Despite lobbying from six large environmental groups (the Endangered Wildlife Trust, BirdLife South Africa, Botanical Society of SA, Wilderness Foundation South Africa, Wildlife and Environment Society of SA and WWF South Africa) government has not yet released these reports that could have huge significance in relation to planning and use of South Africa's natural resources.

“Does the government assume that these resources are infinite?” asked the Earthlife Africa statement. “The Department of Environmental Affairs and Tourism needs to speak up on behalf of the natural resources of South Africa as a protector - not allow this nation to be plundered by foreign industries and left destitute.”

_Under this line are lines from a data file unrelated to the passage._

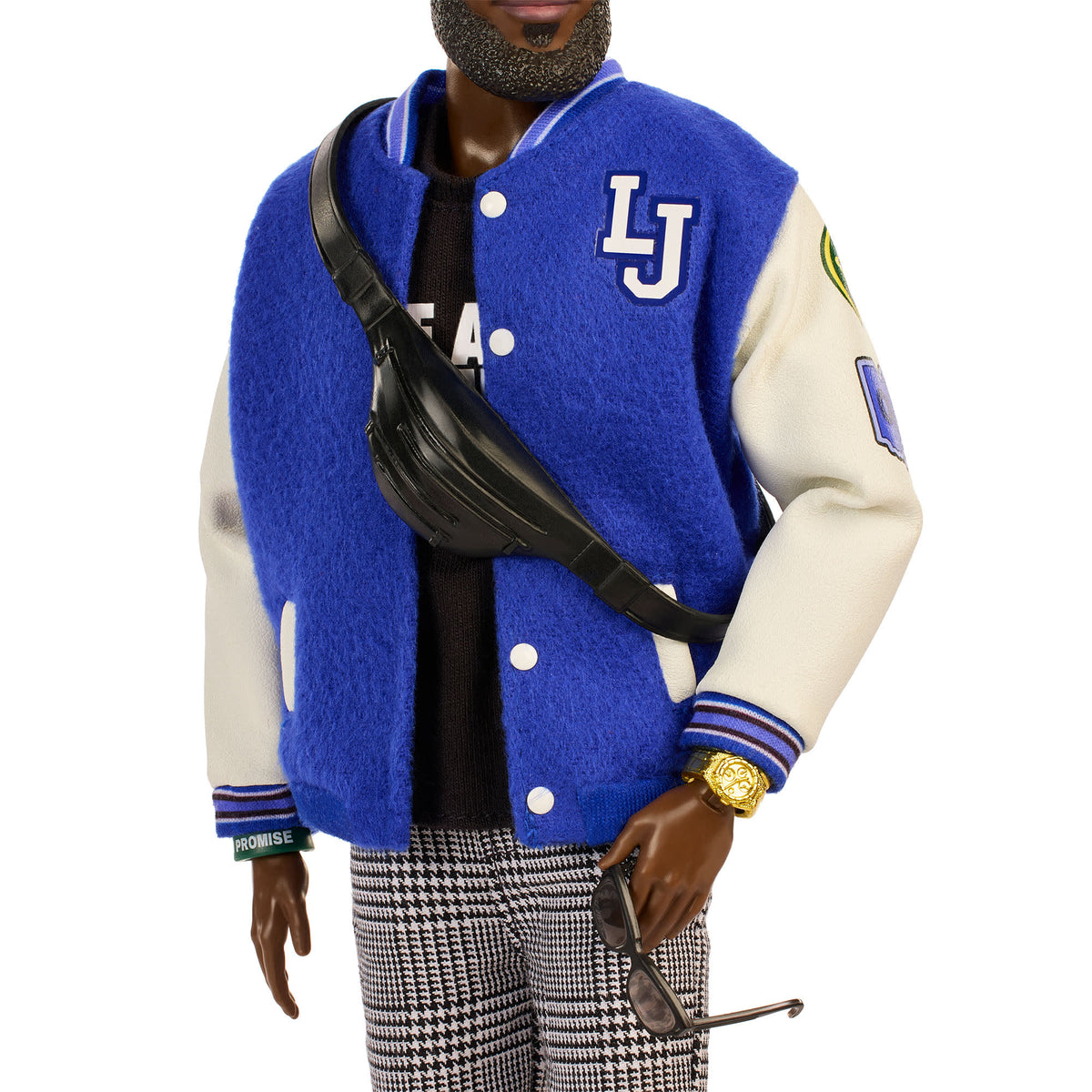 LeBron James Kenbassadors Doll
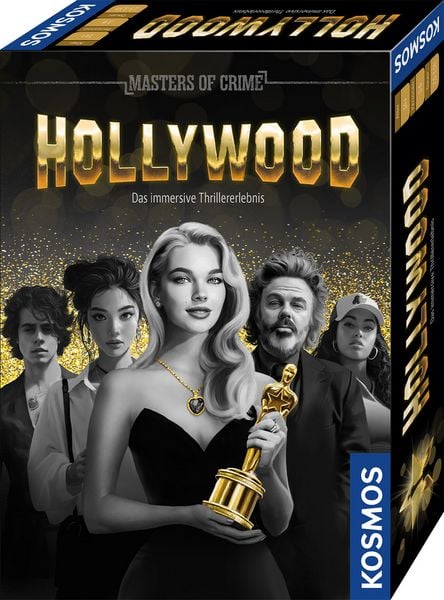 Produktbild: Masters of Crime: Hollywood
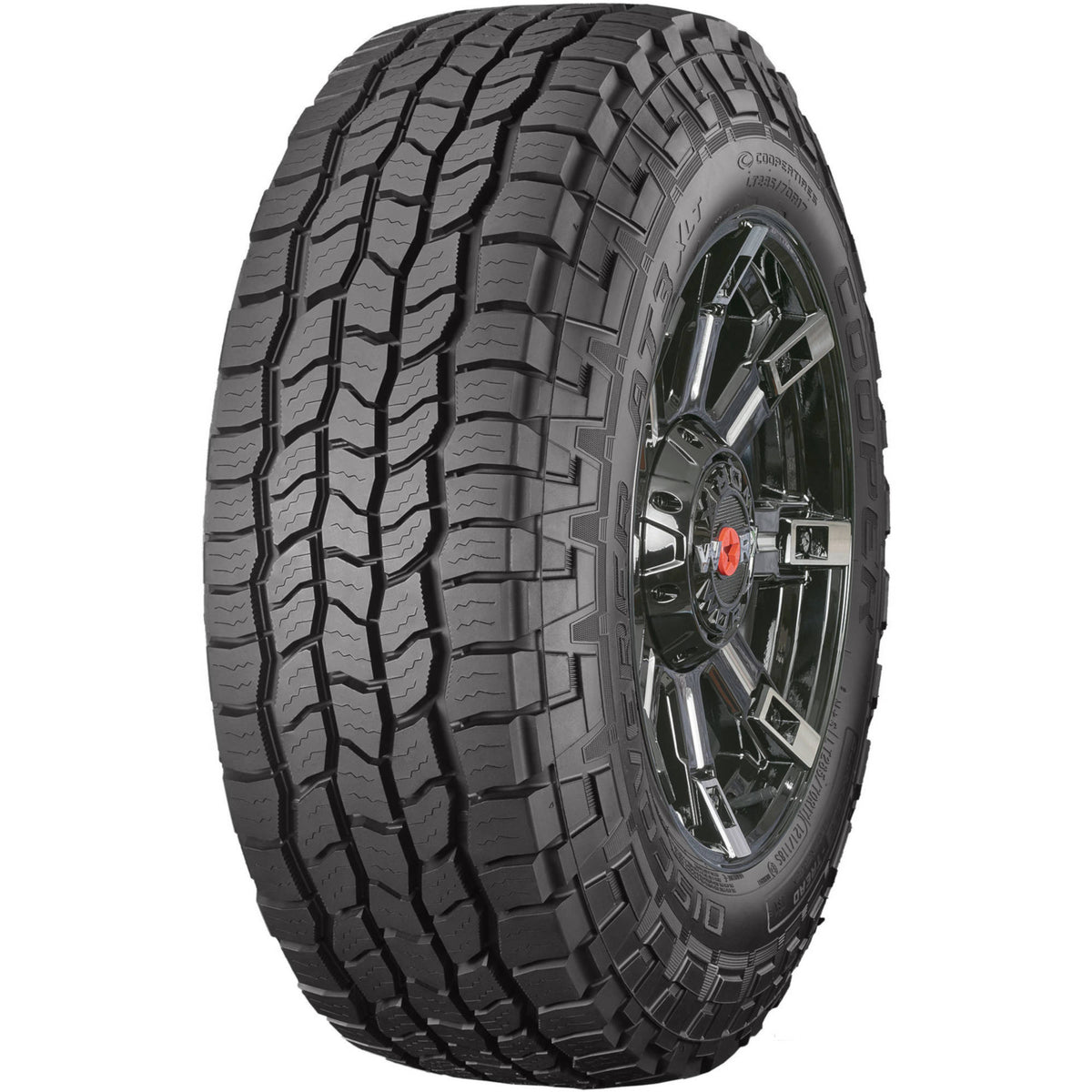 COOPER DISCOVERER AT3 XLT LT285/75R18 (34.8X11.2R 18) Tires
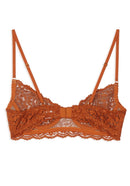 Pilar Underwired Bra - Caramel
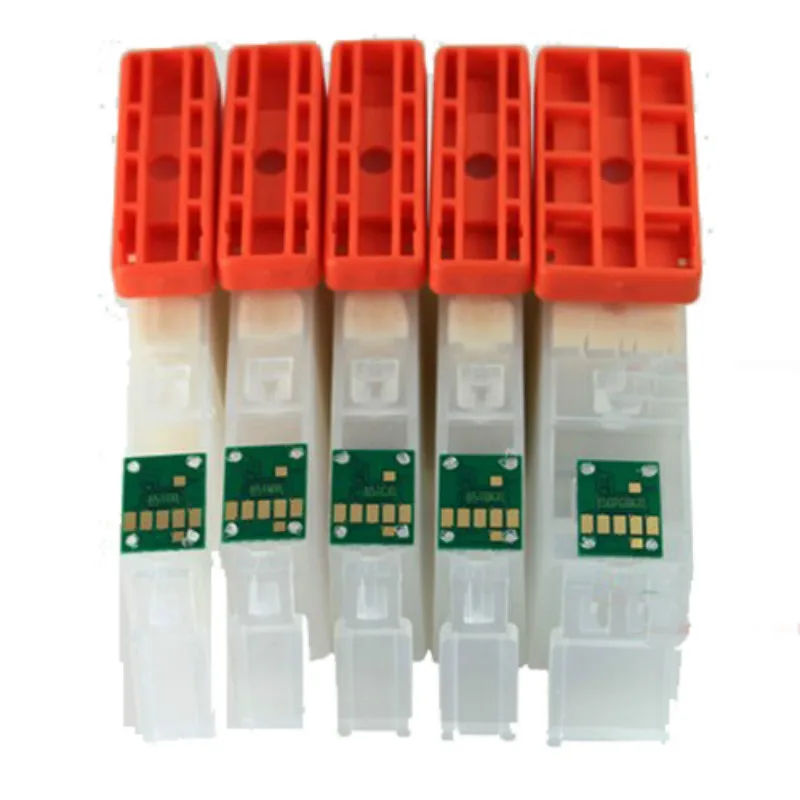 5 color пуст с чипом арк pgi650 cli651 принтер многоразового картридж для canon pixma ip7260 mg5460 nx926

The NGOs have called on government to release the reports as these studies represent independent, objective reviews of the opportunities and constraints to development, based on the country’s natural resource base, reports the Sunday Tribune.

In the absence of these reports, plans are being made which assume our natural resources are infinite. The lack of access to information contained in the two reports often inhibited NGOs and officials from the DEAT from achieving their reasonable goals. The NGOs also demanded reasons for the delay, a time frame and written commitment for the release of the reports.

The department has responded by saying the sustainable development framework will be publicly released after a final set of stakeholder consultations, probably by end of July, and the outlook report by the end of June.

Both these departments are actively involved in the government’s R150bn nuclear plan for 36 Nuclear Pebble Bed Modular Reactors plus another 10 to 15 conventional nuclear reactors countrywide, as well as a large scale resurgence of uranium mining.